DIT que la CAISSE PRIMAIRE D’ASSURANCE MALADIE DE LA HAUTE-SAVOIE devra transmettre au médecin consultant l’intégralité du rapport médical et des éléments ou informations à caractère secret ayant fondé sa décision ;
DIT que le médecin consultant dressera un rapport écrit (article 257 du code de procédure civile) de ses opérations pour être déposé au Greffe avant le 15 septembre 2026 en un original et une copie après en avoir adressé un exemplaire à chacune des parties en cause ;
DIT qu’en cas d’empêchement, le consultant sera remplacé à la demande de la partie la plus diligente par simple ordonnance du juge chargé du contrôle des expertises ;
RAPPELLE que les délais fixés sont impératifs et qu’à défaut il pourra être fait application de l’article 235 alinéa 2 du code de procédure civile ;
DIT que l’instance sera rappelée après dépôt du rapport de consultation d’office ou à la requête de la partie la plus diligente ;
DIT que les frais de consultation sont pris en charge conformément aux dispositions de l’article L. 142-11 du code de la sécurité sociale ;
RÉSERVE les dépens ;
ORDONNE l’exécution provisoire de la présente décision.

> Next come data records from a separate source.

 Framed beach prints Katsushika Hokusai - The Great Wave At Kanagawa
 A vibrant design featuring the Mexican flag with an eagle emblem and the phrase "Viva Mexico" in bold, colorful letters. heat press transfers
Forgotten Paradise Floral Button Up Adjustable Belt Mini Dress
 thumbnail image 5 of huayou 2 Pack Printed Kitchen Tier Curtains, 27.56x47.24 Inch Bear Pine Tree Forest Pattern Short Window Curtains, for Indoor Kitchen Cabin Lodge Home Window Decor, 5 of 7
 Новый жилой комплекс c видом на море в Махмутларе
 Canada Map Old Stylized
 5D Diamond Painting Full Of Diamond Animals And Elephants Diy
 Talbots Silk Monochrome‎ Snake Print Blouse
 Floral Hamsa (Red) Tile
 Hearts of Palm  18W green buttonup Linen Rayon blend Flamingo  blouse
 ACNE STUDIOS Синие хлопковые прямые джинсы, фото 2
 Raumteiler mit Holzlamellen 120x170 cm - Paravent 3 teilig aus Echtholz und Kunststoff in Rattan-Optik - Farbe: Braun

En foi de quoi le présent jugement a été prononcé au Palais de justice d’Annecy le vingt trois avril deux mil vingt six, par mise à disposition au greffe, les parties en ayant été avisées conformément à l’article 450 du code de procédure civile et signé par Madame Carole MERCIER, Présidente et Madame Caroline BERRELHA, Greffière.